##### Data under study

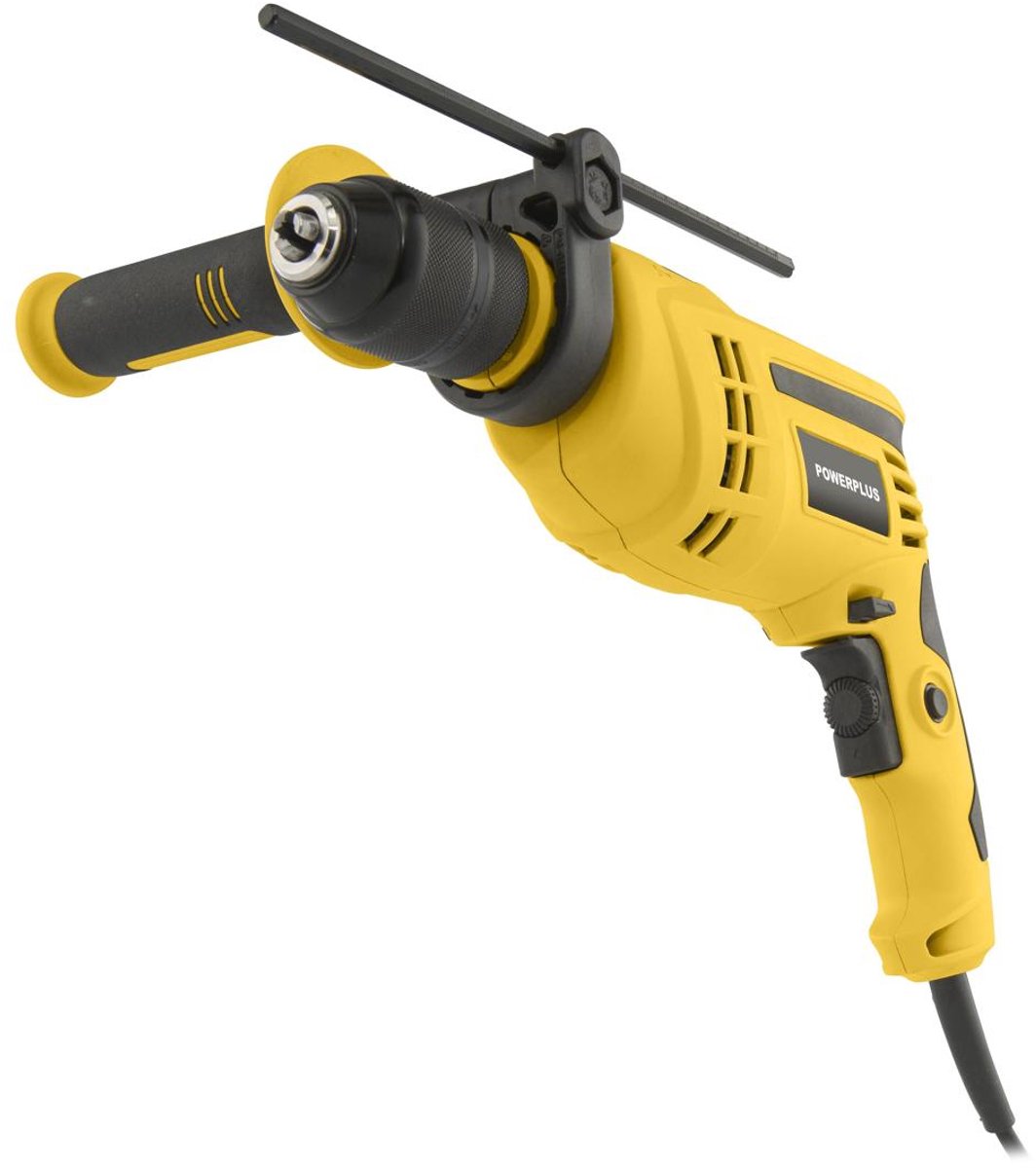 Taladro de impacto powerplus powx0281 - Taladro de 1050w con 48000 min.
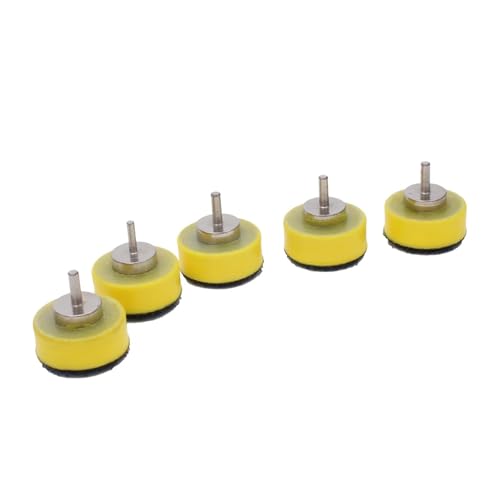 Dunxiles 5 Stück 1 Zoll 25 mm Schleifpad Hakenschlaufe Scheibenplatte für Zubehör Passend für Schleifer Puffer-Stützteller Schleifwerkzeuge, Schleifwerkzeuge Dunxiles 5 Stück 1 Zoll 25 mm Schleifpad Hakenschlaufe Scheibenplatte für Zubehör Passend für Schleifer Puffer-Stützteller Schleifwerkzeuge, Schleifwerkzeuge von Dunxiles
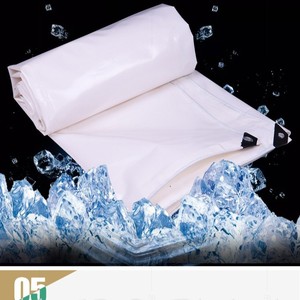 Bâche en PVC Épaissie Imperméable Anti-UV, Toile de Protection Solaire Durable pour Tente 3-4 Personnes >3000mm - Product Image 4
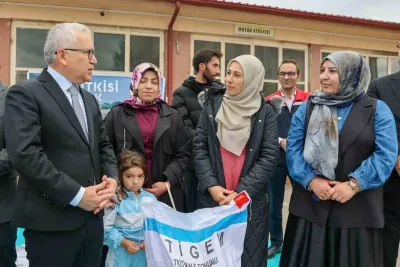 Sivas'ta Üreticilere Yüzde 75 Hibeli Tohum Desteği Sağlandı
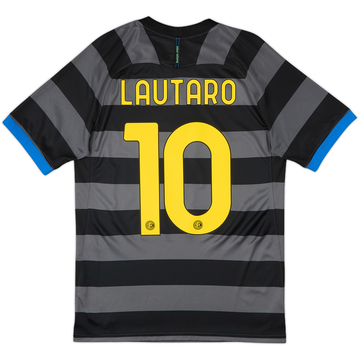 2020-21 Inter Milan Third Shirt Lautaro #10 - 8/10 - (S)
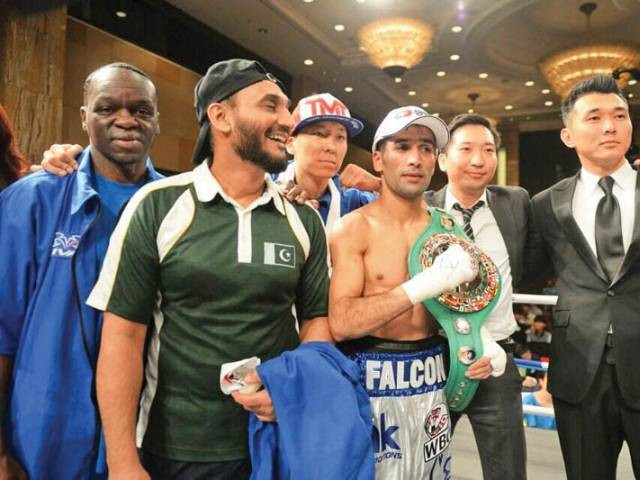 waseem has won all his professional fights so far and has his eyes set firmly on the wbc flyweight title photo courtesy andy kim waseem has won all his professional fights so far and has his eyes set firmly on the wbc flyweight title photo courtesy andy kim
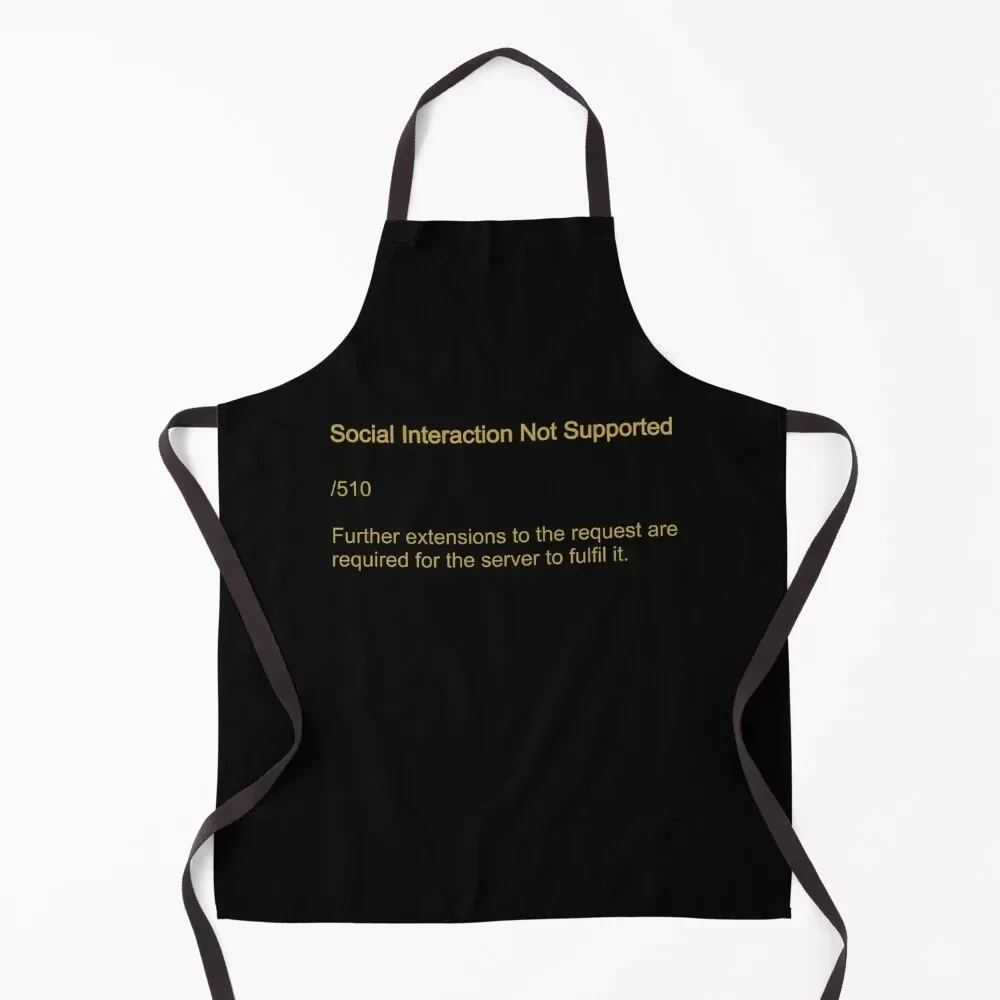 

Error code 510 Apron Kitchen Utensils Kitchen Women Kitchen Tools Accessories Chef jacket men Apron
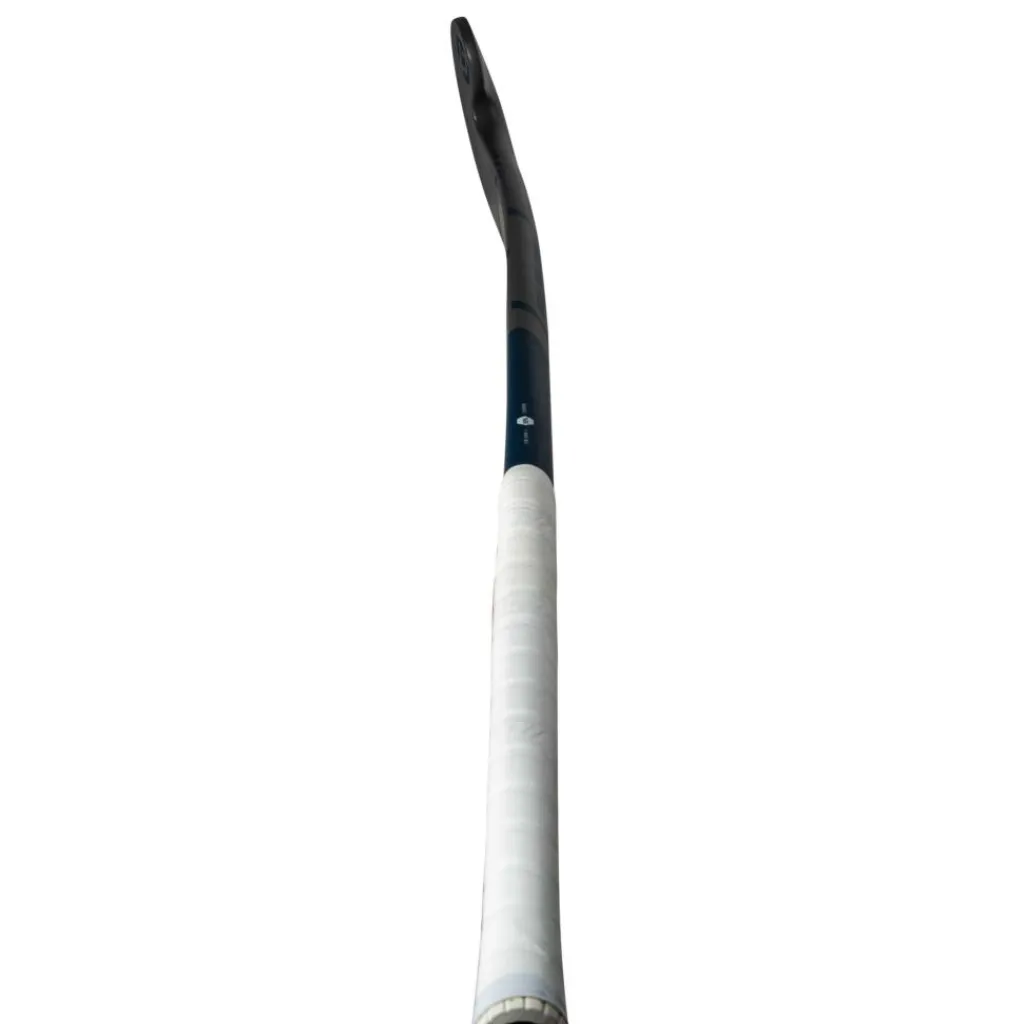 Brabo Tribute 50 Low Bow hockeystick grey navy - 36 inch< Hockeystick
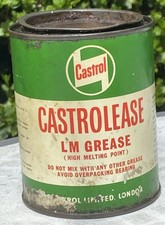 Vintage castrolease grease for sale  TELFORD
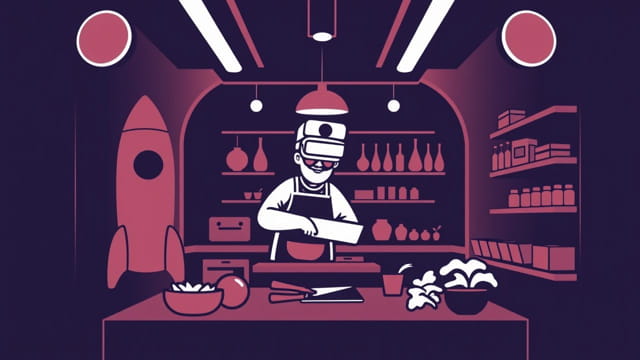 Uncle Chop'S Rocket Shop Vr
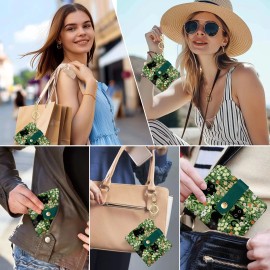 Jogjam Black Cat Floral Rfid Women Wallet Small Slim Thin Credit Card Wallet PU Leat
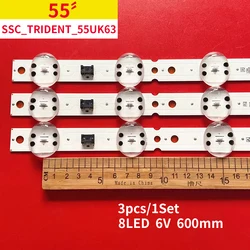 Premium LED Backlight Strip (1Set for 1TV)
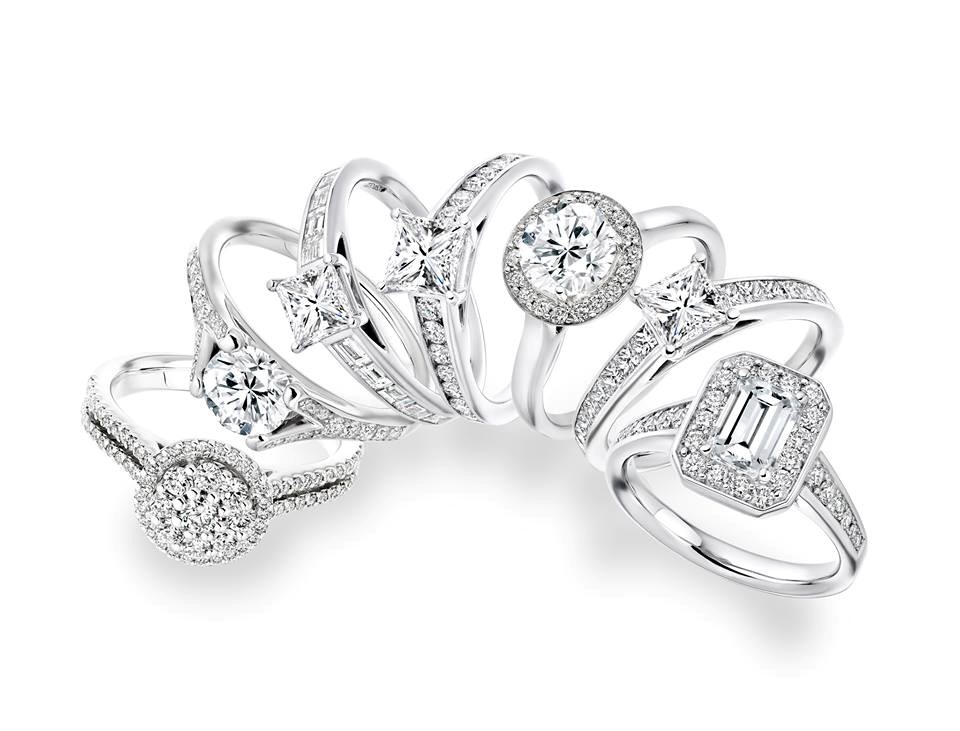 multi engagement rings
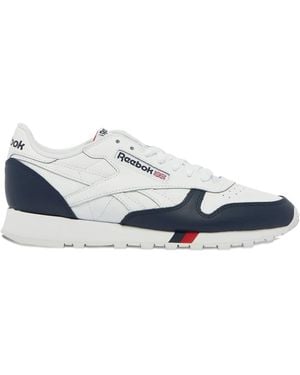 Reebok Zapatillas Classic Navy Blue/White - Azul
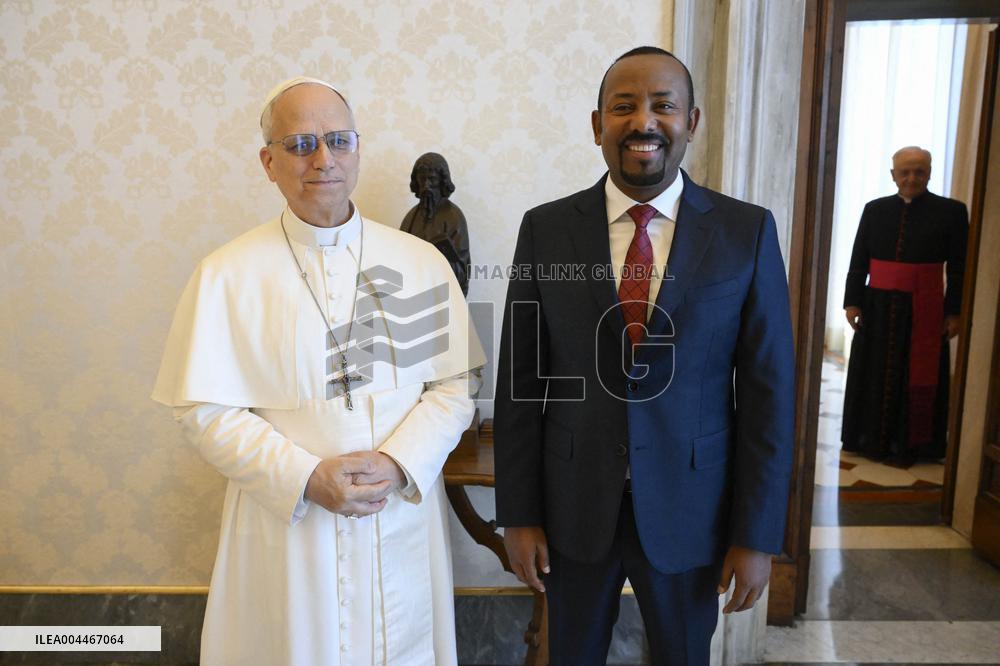 Pope Leo XIV Receives in Private Audience - Vatican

##########

## What this task involves:
A faithful copy of every entry is needed, omitting each image.

## Response for this exercise:
 Taladro de impacto powerplus powx0281 - Taladro de 1050w con 48000 min.
 Dunxiles 5 Stück 1 Zoll 25 mm Schleifpad Hakenschlaufe Scheibenplatte für Zubehör Passend für Schleifer Puffer-Stützteller Schleifwerkzeuge, Schleifwerkzeuge Dunxiles 5 Stück 1 Zoll 25 mm Schleifpad Hakenschlaufe Scheibenplatte für Zubehör Passend für Schleifer Puffer-Stützteller Schleifwerkzeuge, Schleifwerkzeuge von Dunxiles
 Bâche en PVC Épaissie Imperméable Anti-UV, Toile de Protection Solaire Durable pour Tente 3-4 Personnes >3000mm - Product Image 4
 Sivas'ta Üreticilere Yüzde 75 Hibeli Tohum Desteği Sağlandı
 2020-21 Inter Milan Third Shirt Lautaro #10 - 8/10 - (S)
 waseem has won all his professional fights so far and has his eyes set firmly on the wbc flyweight title photo courtesy andy kim waseem has won all his professional fights so far and has his eyes set firmly on the wbc flyweight title photo courtesy andy kim

Error code 510 Apron Kitchen Utensils Kitchen Women Kitchen Tools Accessories Chef jacket men Apron
 Brabo Tribute 50 Low Bow hockeystick grey navy - 36 inch< Hockeystick
 Vintage castrolease grease for sale  TELFORD
 Uncle Chop'S Rocket Shop Vr
 Jogjam Black Cat Floral Rfid Women Wallet Small Slim Thin Credit Card Wallet PU Leat
 Premium LED Backlight Strip (1Set for 1TV)
 multi engagement rings
 Reebok Zapatillas Classic Navy Blue/White - Azul
 Pope Leo XIV Receives in Private Audience - Vatican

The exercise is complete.